A gear pump is a common method to decrease the discharge pressure from the extruder, especially if the discharge pressure required by the die is relatively high. Temperature reduction and surge suppression are factors.

Temperature Reduction:
Decreasing the discharge pressure from the extruder will cause the specific rate to increase and the discharge temperature to decrease. A schematic for the axial pressure and temperature for a single-stage process is shown in Figure 3.

Here the pump is generating the pressure rather than the metering section of the screw, allowing the discharge temperature to decrease. For example, a process and die required a pressure of 21 MPa for operation at a rate of 400 kg/h for a high density polyethylene (HDPE) resin with a melt index of 0.08 dg/min (190 o C, 2.16 kg). If all of the pressure is provided by a single-stage 114.3 mm diameter extruder (screw design fixed), the discharge temperature will be about 242 o C, as shown by the operating curve in Figure 4. Here the specific rate for operation is 4.7 kg/(h rpm). But if a gear pump is positioned between the extruder and the die such that a portion of the required pressure is generated by the pump, then the specific rate for the operation of the screw will increase (causing the screw speed to decrease at a fixed rate) and the discharge temperature will decrease. For example, if the inlet pressure to the gear pump (discharge pressure from the extruder) in this case was 8 MPa, the extruder would discharge at 231 o C and operate at a specific rate of 6.3 kg/(h rpm). Thus, the discharge temperature could be decreased by 11 o C and the specific rate increased by 1.6 kg/(h rpm), as shown in Figure 4.

Some temperature increase will occur as the resin passes through the gear pump. This temperature increase is small compared to the decrease in temperature due to using the pump to increase the line pressure. The actual extrudate temperature will depend on the design and operation of the screw, the shear viscosity of the resin, the pressure contribution from the pump, and the design of the pump.

Surge Suppression:
Flow surging is defined as the oscillatory change in the rate of the extruder while maintaining constant set point conditions. Flow surging can originate from many different sources including improper solids conveying, melting instabilities, flow restrictions, and improper control algorithms [3,4]. Gear pumps are very effective at mitigating pressure surges originating from the extruder, and thus they have the capability of minimizing the resin consumption in the final product for a process with a mild flow surge to maintaining a level of production for processes with severe flow surging.


Figure 3. A schematic of the axial pressure and temperature for processes with and without a gear pump. The rates for both processes are the same, but the discharge temperature for the process with the gear pump is less than that for the standard process.
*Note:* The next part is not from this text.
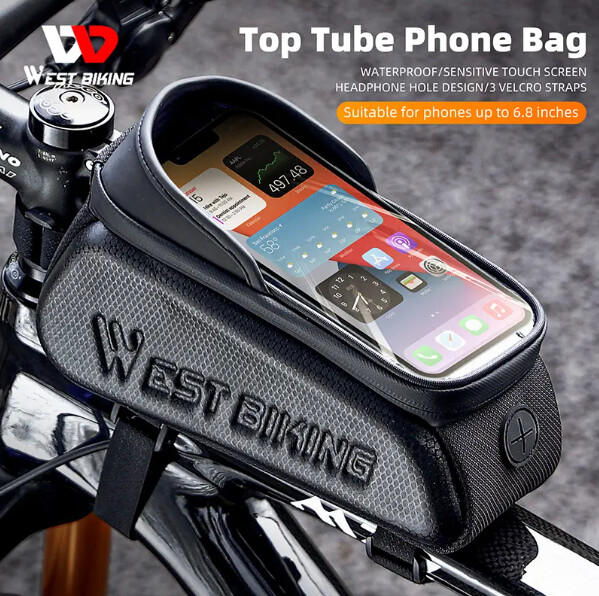 Phone Holder, Front Tube Bag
Extruder Discharge Pressure, MPa
Figure 4. Operation of a 114.3 mm diameter extruder running a HDPE resin at 400 kg/h as a function of discharge pressure.
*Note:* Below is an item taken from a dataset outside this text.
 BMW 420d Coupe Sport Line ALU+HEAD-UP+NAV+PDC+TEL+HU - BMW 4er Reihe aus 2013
A severe and random flow surging problem limited the production rate for a large-diameter, two-stage, vented extruder [5]. If it were not for a gear pump positioned between the extruder and die, this extrusion line would not have been operable. The surging did, however, limit the output of the line to about 70% of its potential rate. The maximum potential rate is the rate that the extruder can run at high screw speeds and with proper operation. The extruder was 203.2 mm in diameter and had a 40 length-to-diameter (L/D) barrel. A schematic for the extruder and gear pump arrangement are shown in Figure 2. The extrusion system was used to make a sheet product.

Steady-state operation of the extruder is shown by the first 400 minutes in Figures 5 and 6. The data for these figures were from the same production run. The extruder was running a high-impact polystyrene (HIPS) resin at 2250 kg/h and a screw speed of 99 rpm for a specific rate of 22.7 kg/(h rpm). This specific rate was about 14% higher than the specific rotational flow rate calculated for the first-stage metering section, indicating that a negative pressure profile exists in the section. The negative pressure gradient is expected for a first-stage metering section of a vented screw that is operating properly; i.e., the first-stage metering section was full of resin. To maintain the stability, the extruder screw speed was reduced such that extruder was operating at about 70% of its potential maximum rate. That is, at screw speeds higher than 99 rpm the extruder was more likely to transition from a stable to an unstable operation.


Figure 5. Pump inlet (extruder discharge) and outlet pressures and motor current for stable and unstable extrusion for a large-diameter extruder running HIPS resin.

During this first 400 minutes, the inlet pressure to the pump was relatively stable, and the discharge pressure to the die was also acceptable, producing prime product. At about 410 minutes into the run, the extruder started to operate unstably, as indicated in Figures 5 and 6. The processing change that caused the extruder to go from a stable operation to an unstable one was not known, but it could have been due to minor changes in the bulk density of the feedstock or cooling water fluctuations to the screw.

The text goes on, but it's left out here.